Un projet de Nicolas Kerszenbaum
avec la complicité de Jeanne Favret-Saada
Texte et mise en scène : Nicolas Kerszenbaum
Avec Françoise Cousin, Clotilde Moynot, Yuval Rozman, Jean-Baptiste Verquin
Musique et sound design : Guillaume Léglise
Vidéos : Nicolas Kerszenbaum
Montage : Guillaume Léglise

C’est l’histoire d’une jeune femme française qui, pour découvrir qui elle est, s’installe dans un kibboutz du Neguev. C’est aussi l’histoire d’un pays, Israël, une histoire pleine d’idéaux, de violences et de contradictions. C’est l’histoire d’une rencontre entre cette jeune femme, ce pays et quelques fantômes. C’est une histoire d’amour et de colère qui trébuche sans cesse. Inspiré par les trois mois que Nicolas Kerszenbaum a passés dans des kibboutzim au printemps 2011 et par la correspondance qu’il y a entretenue avec l’ethnologue Jeanne Favret-Saada, Le lait et le miel est une fiction documentaire qui parle d’Israël, d’utopies et d’identités – mais qui, surtout, parle des choix qui nous forgent, et nous font tels que nous sommes.

Une fiction documentaire
Au printemps 2011, Nicolas Kerszenbaum s’installe pour trois mois en Israël, dans un kibboutz du Neguev. Il prévoit d’y enquêter de l’intérieur, cent
ans après la fondation du premier kibboutz, sur ce qui pousse encore des gens à maintenir ces bulles de collectif, hors de l’ingérence de l’État. Quatre semaines seulement plus tard, il quitte le Neguev, l’idéalisme en berne – le kibboutz où il vit n’est plus un lieu d’utopie – et part dresser un inventaire plus large, et plus exhaustif, des collectifs israéliens : il arpente Israël de long en large, vivant dans d’autres kibboutzim (les urbains, les ruraux, les nouveaux, les anciens), dans des cités anciennes, dans des villes nouvelles, et en Cisjordanie.
Durant ces trois mois, Kerszenbaum correspond par mail tous les soirs avec l’ethnologue Jeanne Favret Saada. De ce printemps émaillé par la reprise des bombardements et l’assassinat de Juliano Mer Khamis, il ramène des photos, des films, mais surtout une épaisse correspondance avec une chercheuse estimée.
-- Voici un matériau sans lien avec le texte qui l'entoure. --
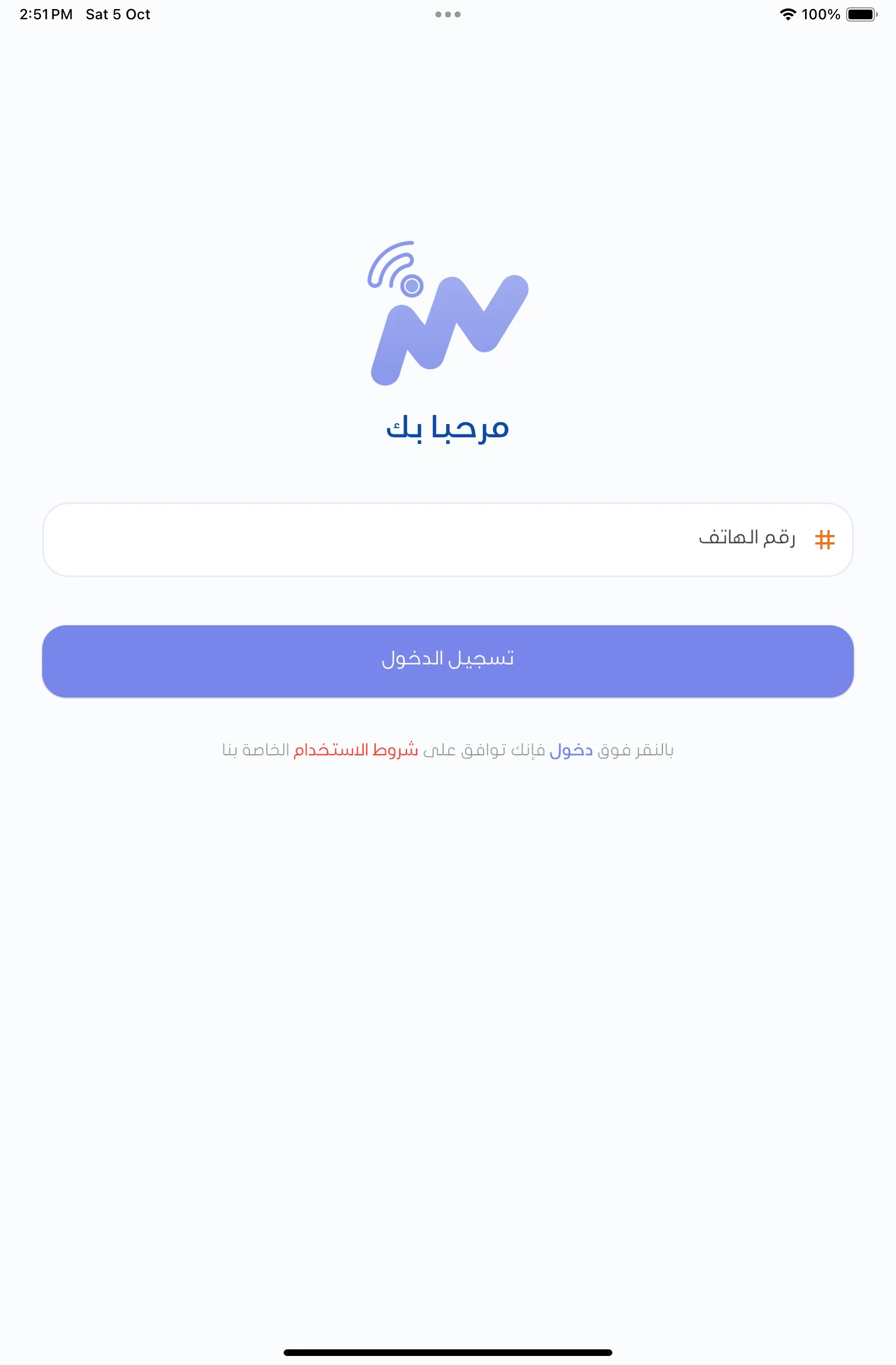 My Net - ماي نت screenshot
A partir de ce matériau dense, Kerszenbaum écrit une parabole qui reprendra ce qu’il a vu : Le lait et le miel.
Le spectacle dresse dès lors bien sûr un tableau des contradictions contemporaines d’Israël, en en rappelant l’histoire et les mythes, en en  soulignant les paradoxes. Mais, de là, Le lait et le miel interroge également, vues par les yeux d’une trentenaire française, les notions de collectivités et de formes politiques. Comment, aujourd’hui, vivre dans des structures moins individualistes ? Et, de là, comment simplement réussir à se construire soi-même et librement, entre ce qu’on choisit d’être et ce qu’on nous oblige à devenir ?

La Compagnie
La compagnie franchement tu a été fondée en 2005 par Nicolas Kerszenbaum.
Elle est basée à Creil, et travaille essentiellement en Ile-de-France (Paris et Seine-Saint-Denis) et en Picardie (Aisne et Oise).
Pourquoi franchement, tu ?
En 2005, les blogs fleurissaient sur la toile ; de plus en plus d’inconnus prenaient la parole pour partager leur quotidien, et ouvraient leur univers à
qui voudrait les lire. Les commentaires se multipliaient au sein de ces blogs, et commençaient presque invariablement par la locution «franchement, tu » (suivi de « penses vraiment ça ? / es trop belle sur cette photo / me fais pitié », etc). Cette association adverbevirgule- pronom signait (et signe apparemment toujours) une prise de parole sincère et simple face aux visions du monde d’autrui. D’où ce nom, franchement, tu, directement tiré d’un tic de langage numérique, permettant de parler d’un monde vécu à la première personne.